The Church of All Saints, along with its churchyard wall, railings, and gates, is a parish church built between 1868 and 1876 by architect E.G. Paley. It is constructed from snecked sandstone and features a slate roof. The church is designed in the Early English style and includes a north porch, nave, north aisle, transceptal south tower, and chancel.

The north porch is made of wood and has a tiled roof, with a two-centre head, traceried bargeboards, and two-leaf doors. The nave consists of four bays and has two two-light windows with two-centre heads and quatrefoils, as well as one three-light and one two-light window, both featuring sexfoils. There is a four-light trefoil-headed window in the north vestry. The south transceptal tower has three stages, with large angle buttresses on the southwest corner and clasping buttresses on the southeast. It includes a single-light lancet window in the first and second stages on the west side, and two single-light lancets in the belfry, topped with two quatrefoils; it also has a corbel table and a splay-footed spire. The chancel has a two-light lancet window with a hoodmould and decorated stops on both the north and south sides. The east window is stepped and consists of three lights with trefoil heads, along with two small sexfoil windows above the side lights and a large nonofoil window above the centre light, all featuring a hoodmould.
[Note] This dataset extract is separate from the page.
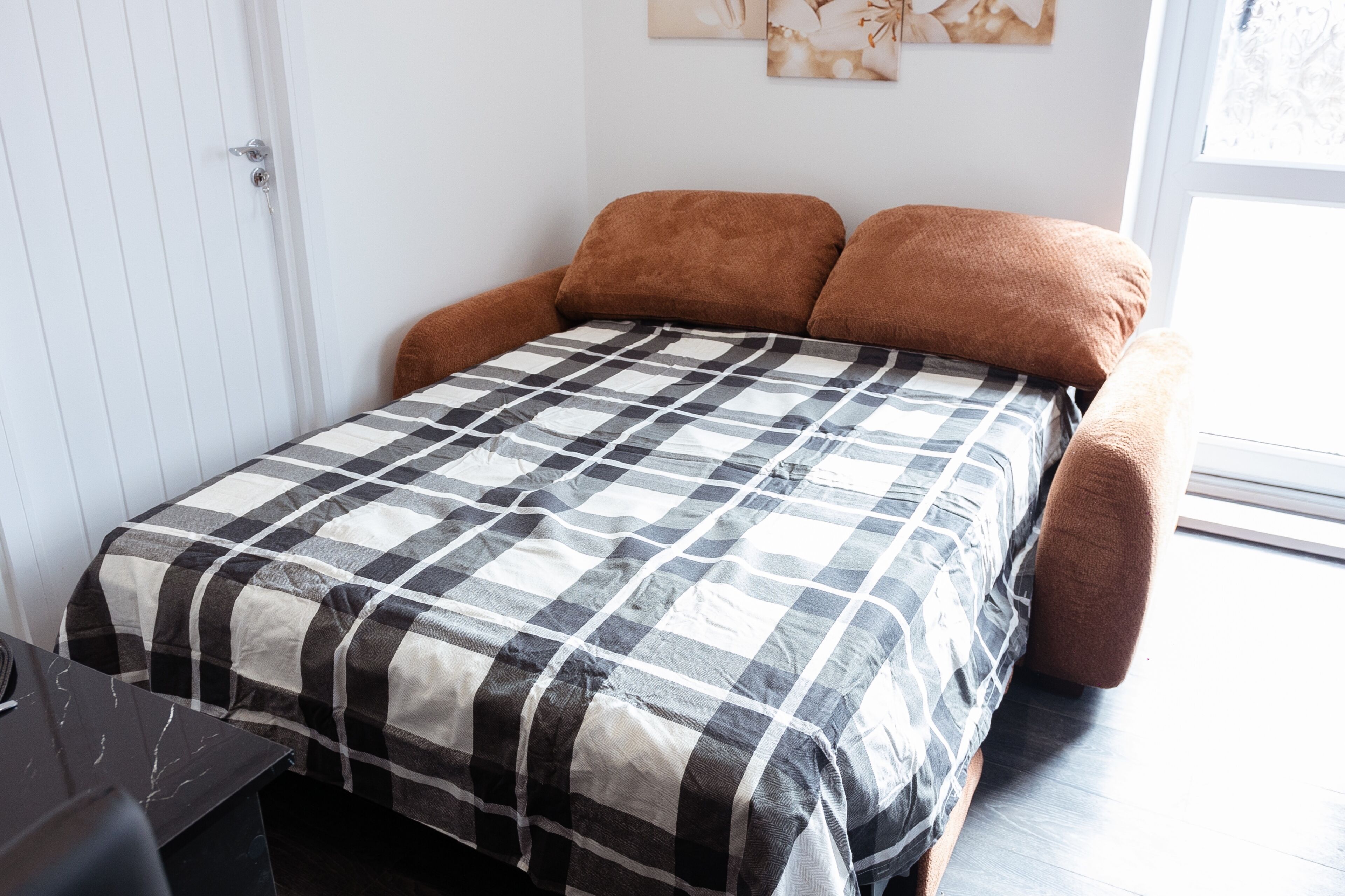 Una cama con colcha a cuadros, cabecero marrón y ventana con luz natural.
Inside, the arcade that separates the nave from the north aisle has stiff-leafed capitals that are now blind, with a glazed screen added around 1970. The chancel arch is of a two-centre design. The nave features an exposed king-post roof, while the chancel has stone quadripartite rib-vaulting. There is a piscina to the north and two sedilia to the south in the chancel. A low wall to the north of the church, which fronts the cross, is adorned with iron railings in a gridiron pattern and has low, double iron gates leading to the north porch. These gates incorporate two bands of pierced trefoils, along with a similarly designed single iron gate at the low east wall.